• [Data section]
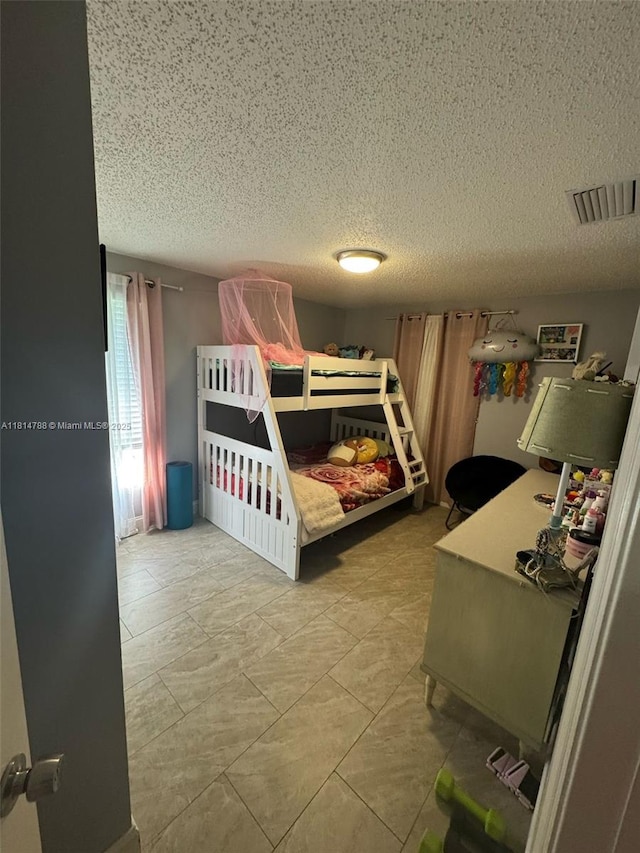 4706 25th Ave SW, Naples, FL 34116 - bedroom with a textured ceiling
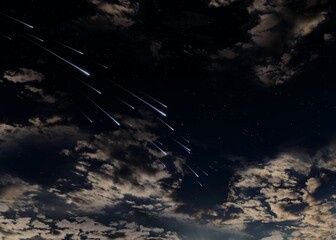 Meteor shower in the night sky. Shooting stars between the clouds. Fireballs in the atmosphere.
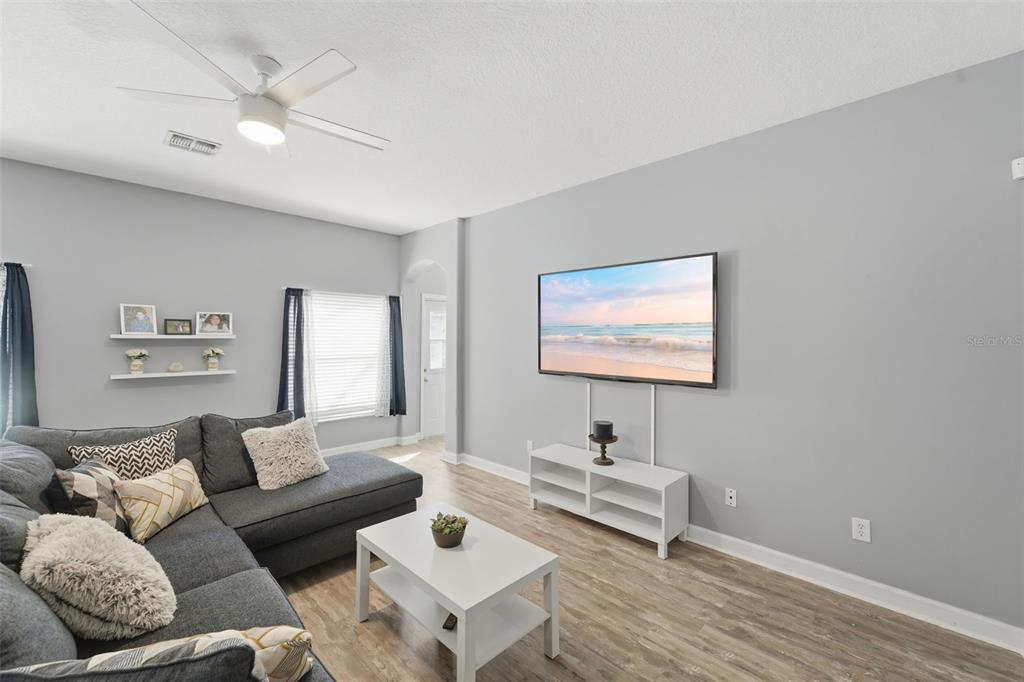 A living room features a grey sectional sofa, a white coffee table, and a wall-mounted television — 18124 SAXONY LANE, ORLANDO, FL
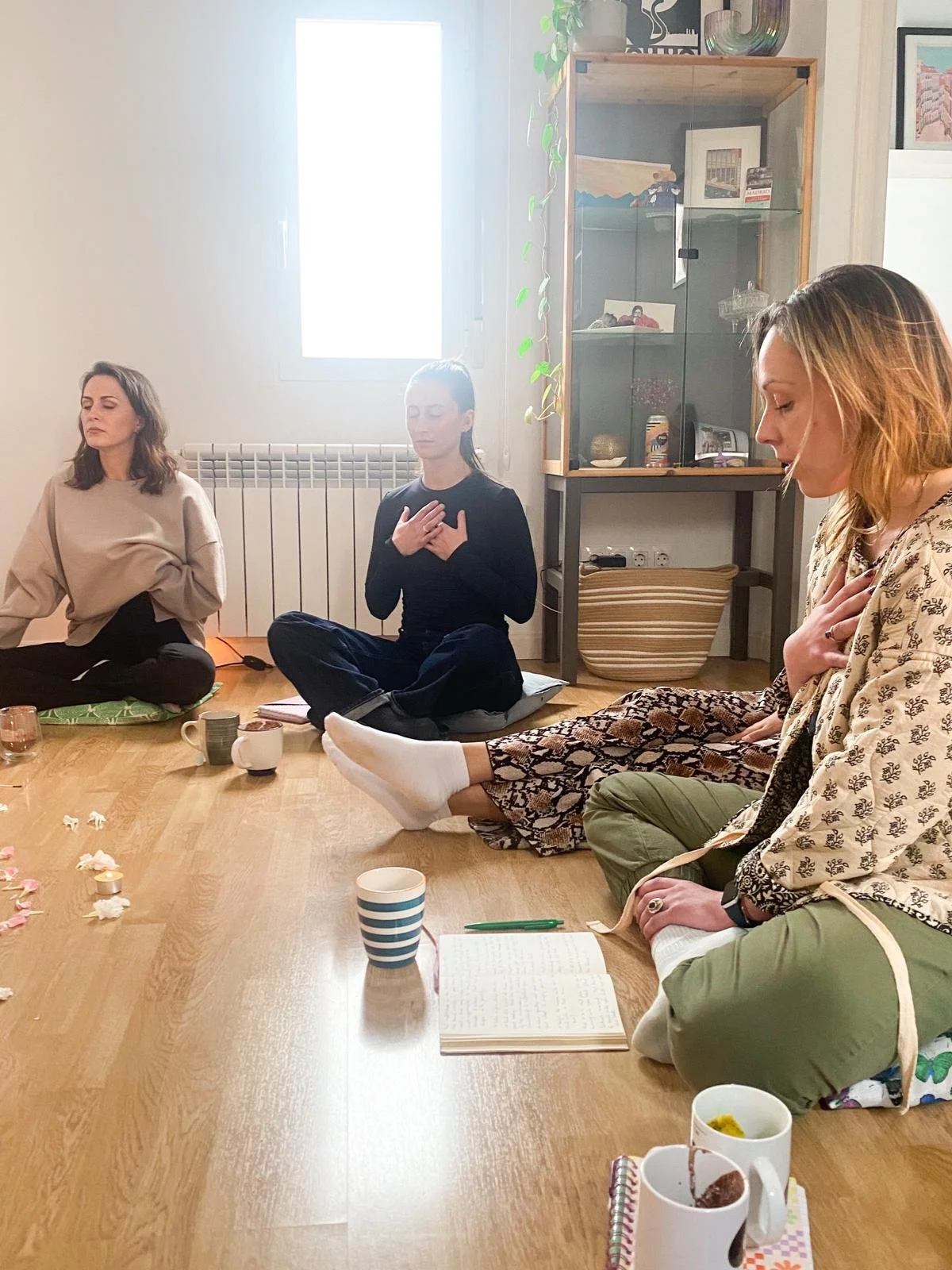 Three women sitting cross-legged on the floor with their hands over their hearts, participating in a meditation or mindfulness session. They are indoors with a large window, a wooden floor, and a cabinet in the background. Various cups and notebooks are placed on the floor around them.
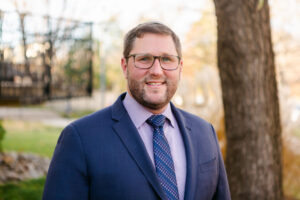 Headshot of a man with glasses smiling at the camera outside. He is wearing a navy blue suit with a light purple shirt and dark blue tie.
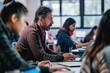© spyrakot - Adult Education Coding Workshop: Engaged Instructor with Students Learning Programming Skills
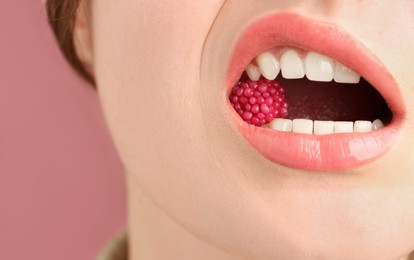 Photo of Woman with beautiful lips makeup and raspberry candy on dusty pink background, closeup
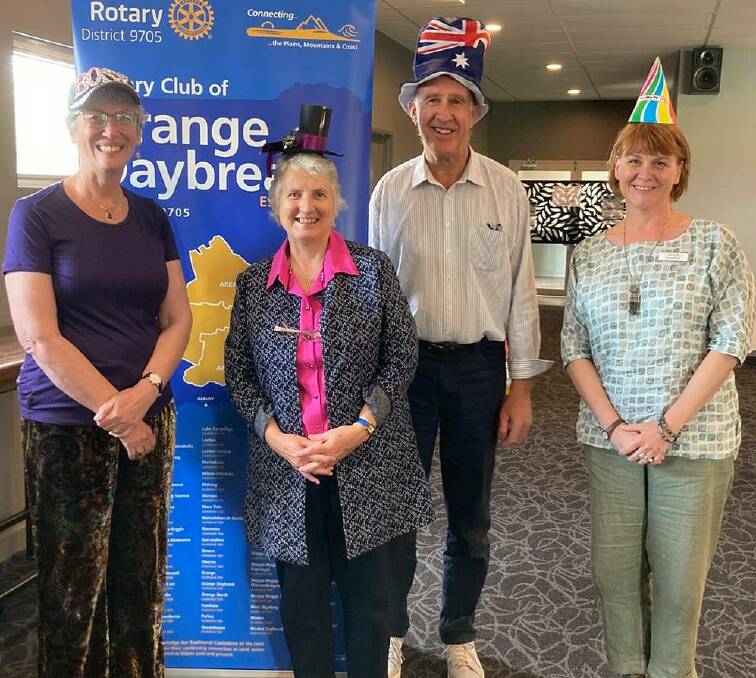 HATS OFF: (Left-to-right) Rotary Club of Orange Daybreak president Sue Moffatt, Bev Rankin and Malcolm Rankin from Fusion Orange; and Ruth Myers from Step By Step Bushfire Recovery at Gateway Family Services. PHOTO: SUPPLIED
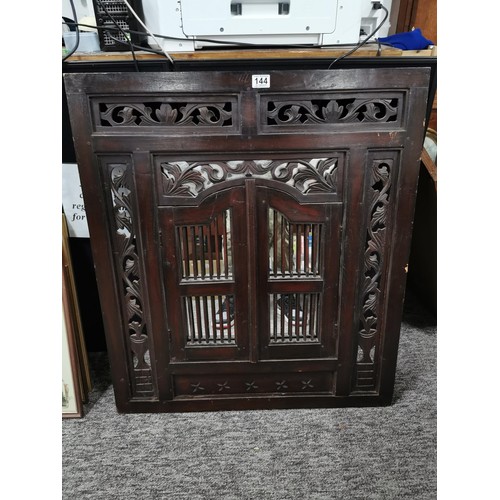 144 - Large impressive rosewood Indonesian shuttered mirror with carving to the edges, doors open to revea... 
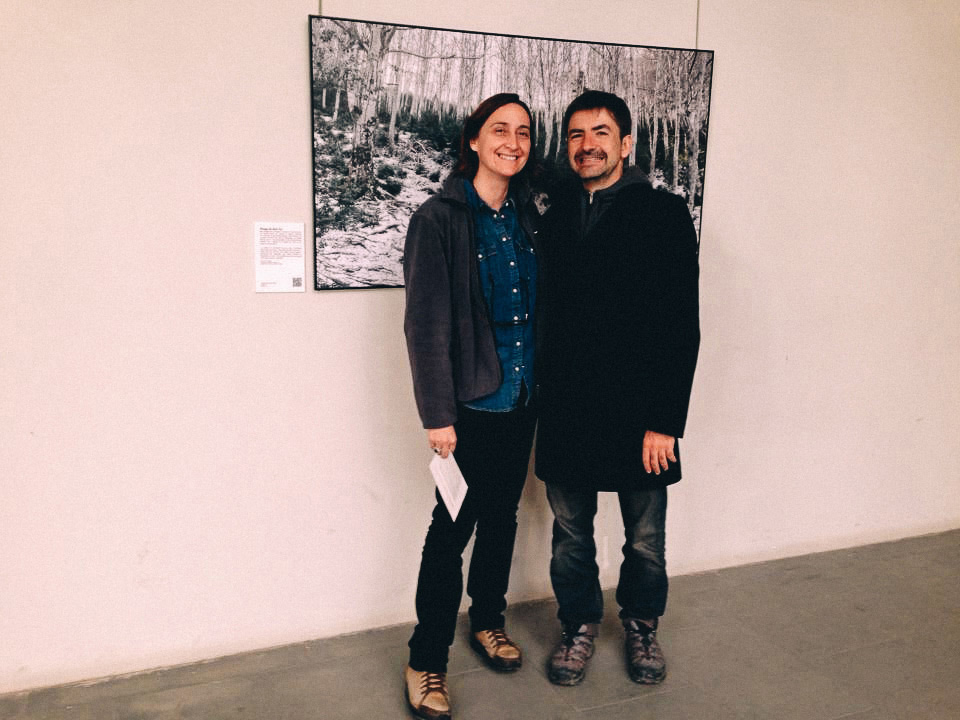 Two people standing in front of a large photograph of a snowed forest, smiling at the camera.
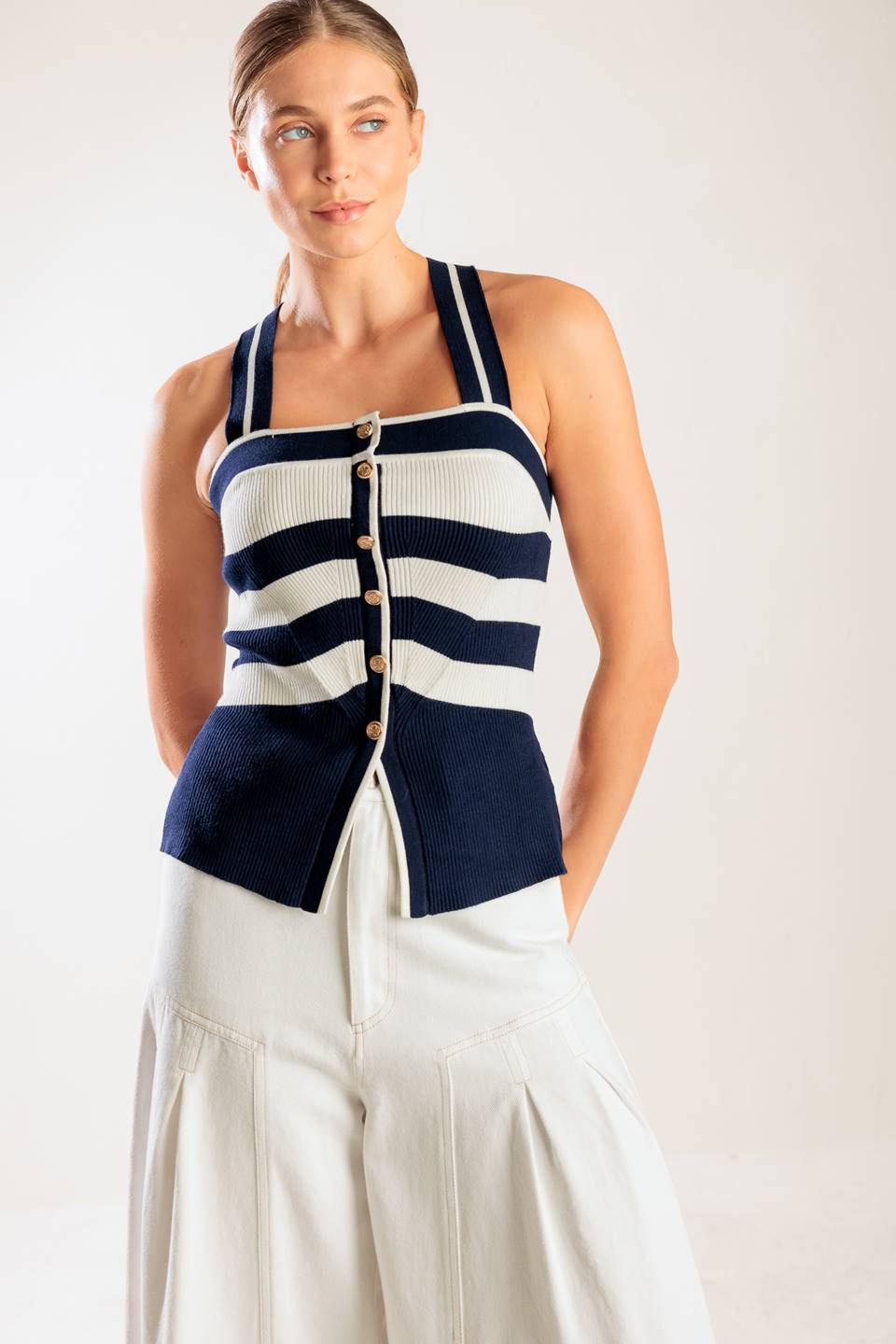 A navy and white striped sweater knit top featuring a halter neckline button down closure and cross back strap.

• [What you need to do] Once the line containing "Learning Programming Skills" is found in the records above, it and every line after it up to the last must be repeated exactly, without pictures.

• [Response for this exercise]
© spyrakot - Adult Education Coding Workshop: Engaged Instructor with Students Learning Programming Skills
 Photo of Woman with beautiful lips makeup and raspberry candy on dusty pink background, closeup
 HATS OFF: (Left-to-right) Rotary Club of Orange Daybreak president Sue Moffatt, Bev Rankin and Malcolm Rankin from Fusion Orange; and Ruth Myers from Step By Step Bushfire Recovery at Gateway Family Services. PHOTO: SUPPLIED
 144 - Large impressive rosewood Indonesian shuttered mirror with carving to the edges, doors open to revea... 
 Two people standing in front of a large photograph of a snowed forest, smiling at the camera.
 A navy and white striped sweater knit top featuring a halter neckline button down closure and cross back strap.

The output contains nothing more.